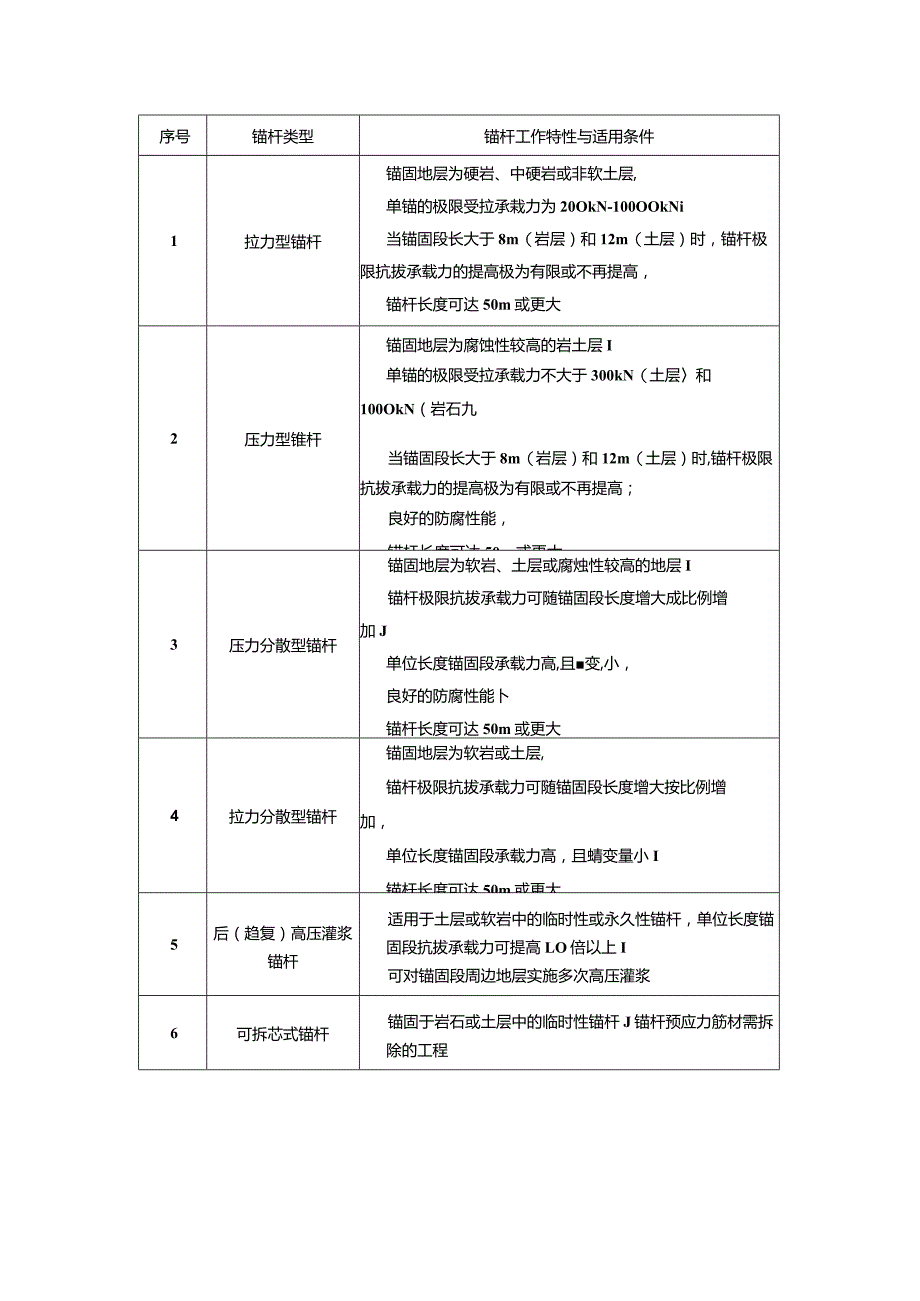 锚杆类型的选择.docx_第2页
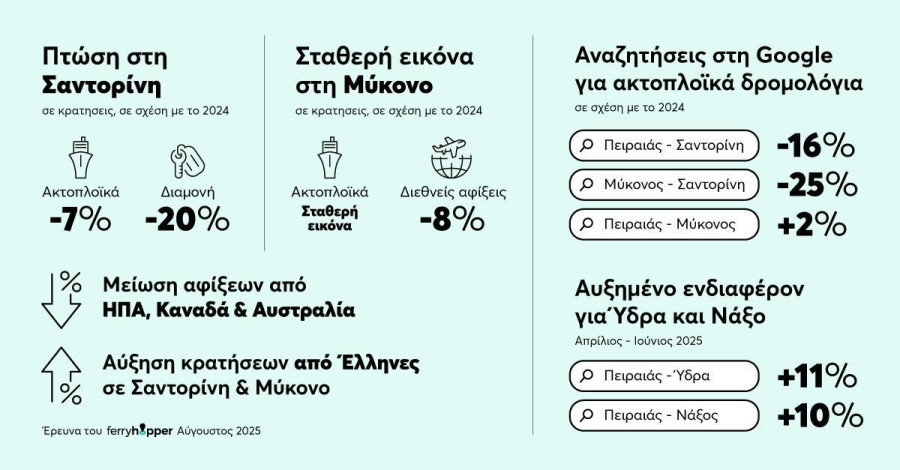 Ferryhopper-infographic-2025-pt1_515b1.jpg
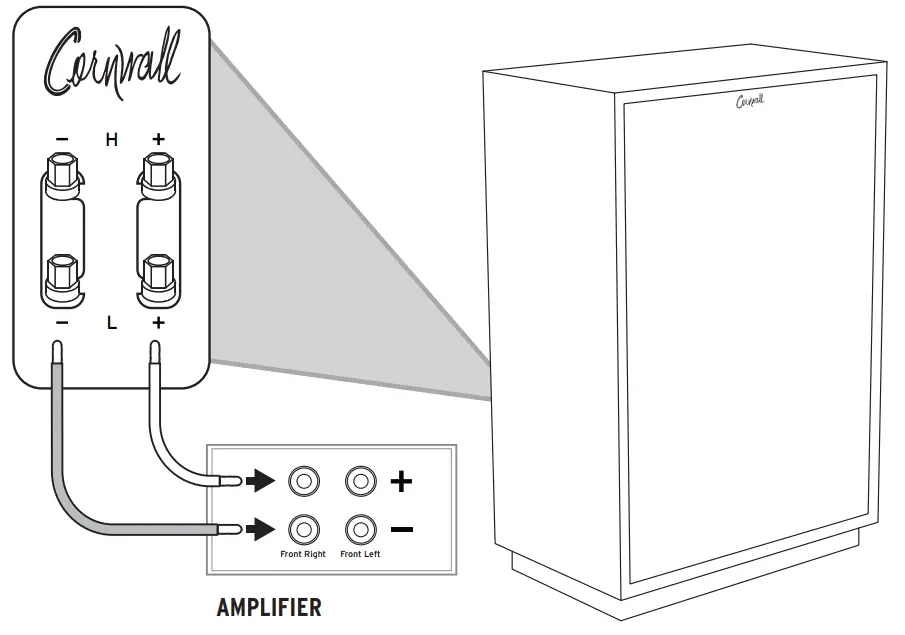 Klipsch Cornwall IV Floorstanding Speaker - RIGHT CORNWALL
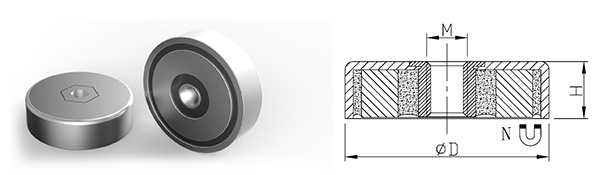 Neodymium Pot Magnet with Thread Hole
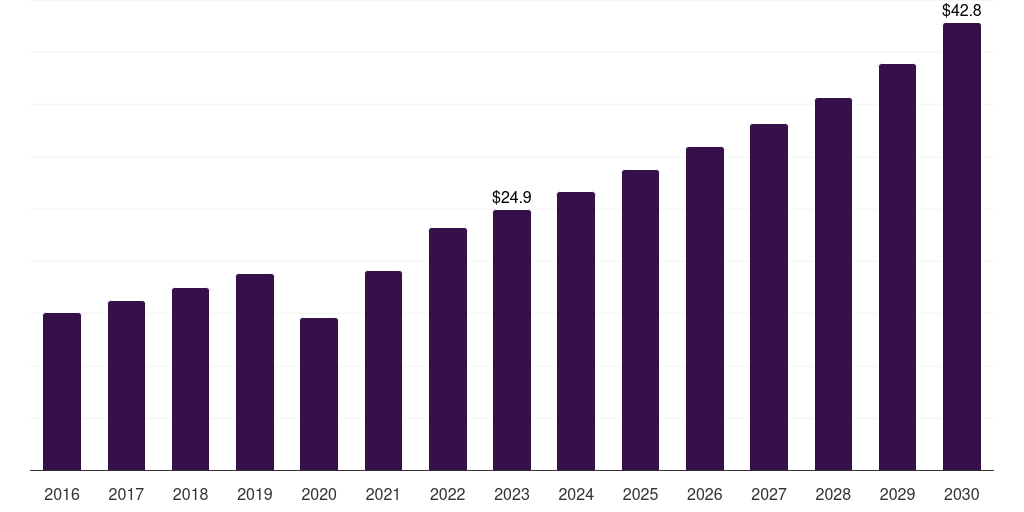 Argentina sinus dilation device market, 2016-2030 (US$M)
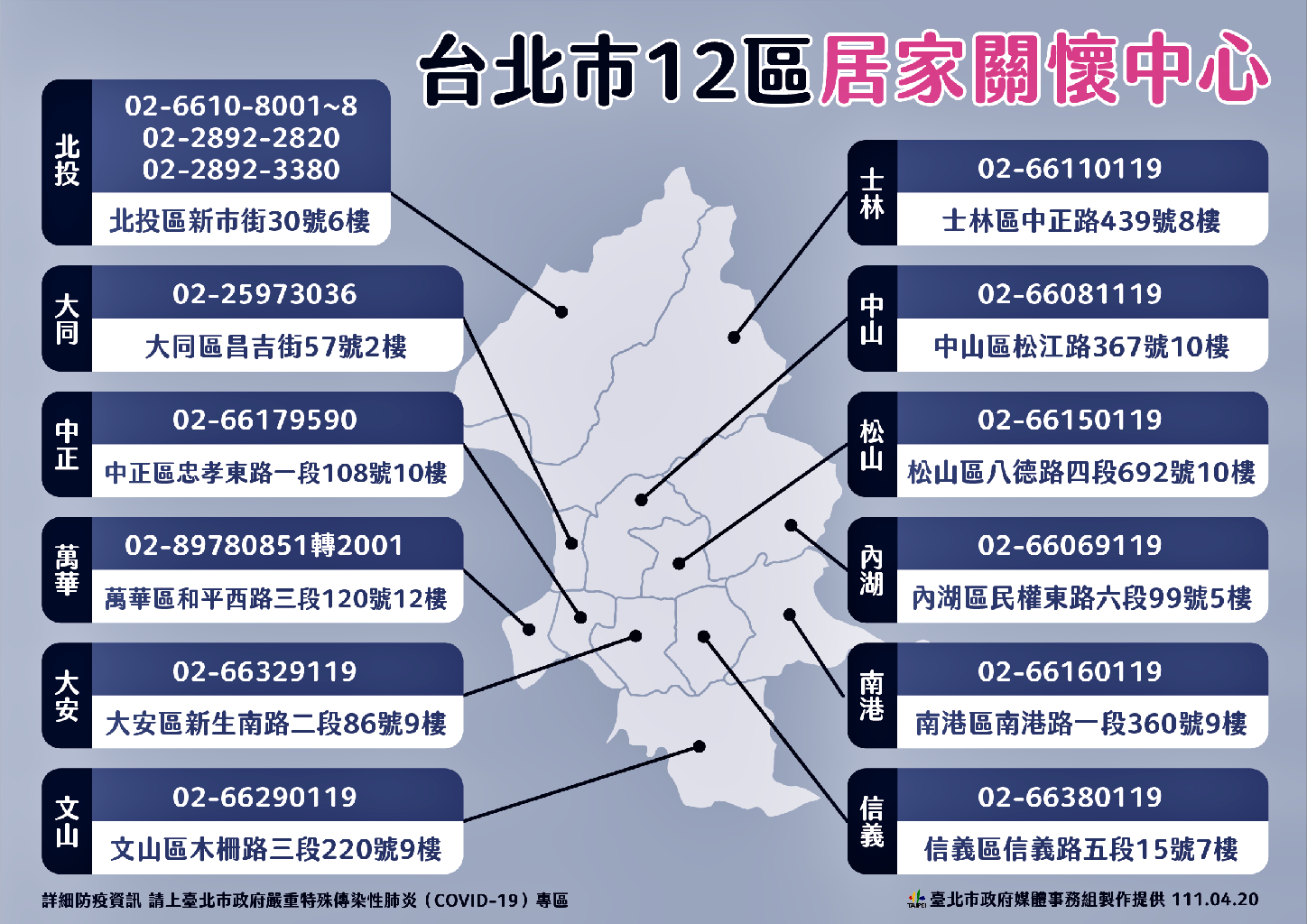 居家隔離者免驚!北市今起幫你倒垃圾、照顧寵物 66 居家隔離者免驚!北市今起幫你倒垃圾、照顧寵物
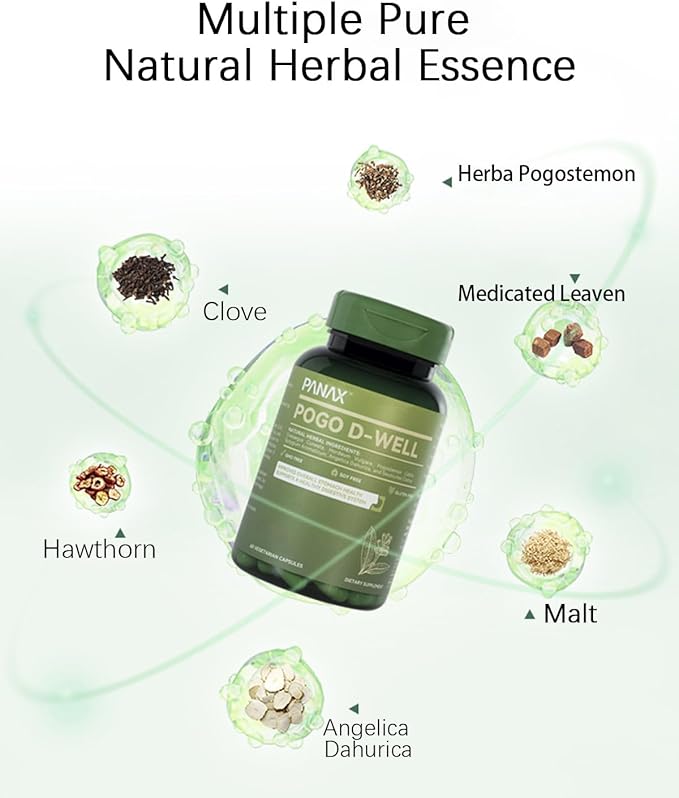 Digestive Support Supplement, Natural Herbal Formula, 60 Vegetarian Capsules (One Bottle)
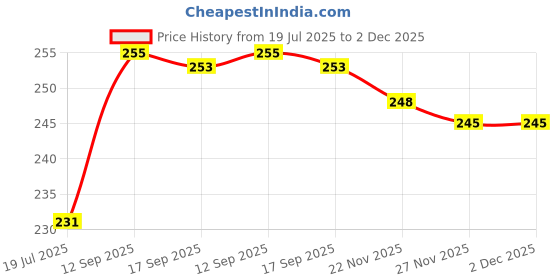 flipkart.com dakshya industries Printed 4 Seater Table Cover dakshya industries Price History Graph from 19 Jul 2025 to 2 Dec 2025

__________________________________________________

» WHAT IS REQUIRED: Every entry should be written out word for word, except for its pictures.

» OUTPUT:
 锚杆类型的选择.docx_第2页
 Ferryhopper-infographic-2025-pt1_515b1.jpg
 Klipsch Cornwall IV Floorstanding Speaker - RIGHT CORNWALL
 Neodymium Pot Magnet with Thread Hole
 Argentina sinus dilation device market, 2016-2030 (US$M)
 居家隔離者免驚!北市今起幫你倒垃圾、照顧寵物 66 居家隔離者免驚!北市今起幫你倒垃圾、照顧寵物
 Digestive Support Supplement, Natural Herbal Formula, 60 Vegetarian Capsules (One Bottle)
 flipkart.com dakshya industries Printed 4 Seater Table Cover dakshya industries Price History Graph from 19 Jul 2025 to 2 Dec 2025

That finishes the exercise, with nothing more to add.